Providing Structured Pathways to Guide Students Toward Completion: Game Changers Series
Many students arrive at community college without clear goals for college and their careers. They receive little guidance prior to matriculation, do not meet with advisors, and/or accumulate many course credits that do not count toward their eventual program of study. Some even drop out of college before selecting a program.
To address these kinds of issues and to help students reach their college completion goals, some community colleges are creating structured pathways that allow students to explore their education and career options while also making progress toward a credential.
This report, produced by the Completion by Design initiative at WestEd, outlines some of the major issues that colleges are discussing or experimenting with that are related to the creation of more structured student pathways, including:
- Mandating intake processes that provide education and career counseling, inform students about programs that are related to their interests, and help students explore and develop education goals, career goals, and a degree plan
- Balancing flexibility and prescription in student selection of courses and majors
- Defining clear instructional programs enabling students to complete a program as quickly as possible
- Providing proactive and ongoing education and career advising, supports, and planning across each stage of student progress
- Increasing program alignment with employment and transfer opportunities
- Providing more structured pathways has the potential to affect all support services and instructional programs by requiring better communication and integration of services.
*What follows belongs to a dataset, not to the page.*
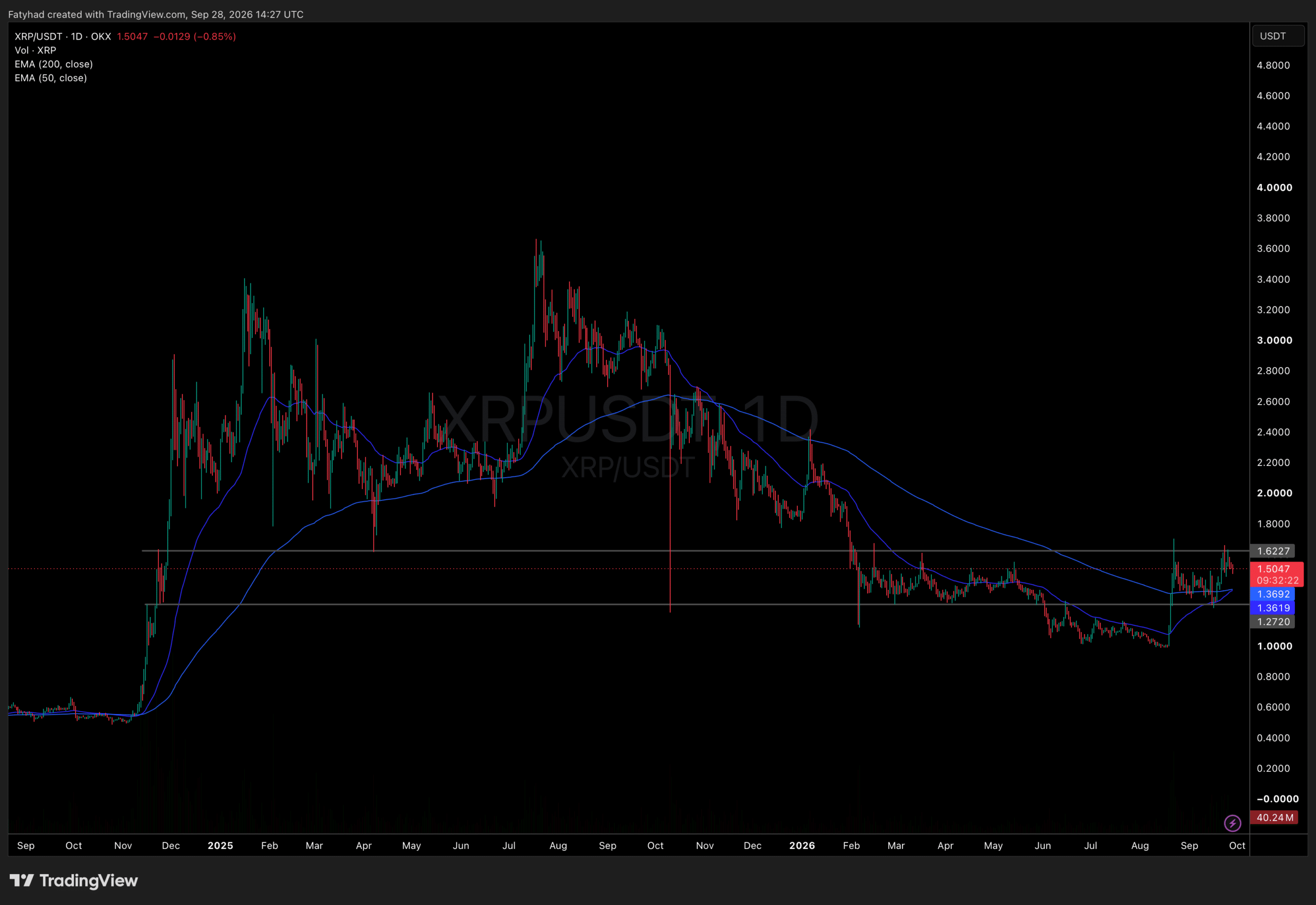 XRP Price Forecast: Peter Brandt Says XRP Needs No Blind Loyalty image 0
This report explains terms, provides examples of current efforts, and offers suggestions to help colleges with implementation.
Note: This is the second report in the Game Changers series, designed for use by colleges to generate discussion about innovative models for increasing completion rates substantially. Each topic is addressed through five sections—an overview, examples in practice, implementation challenges, sample engagement questions, and references. The sections are intended to be used separately or as a whole, depending on the audience and needs.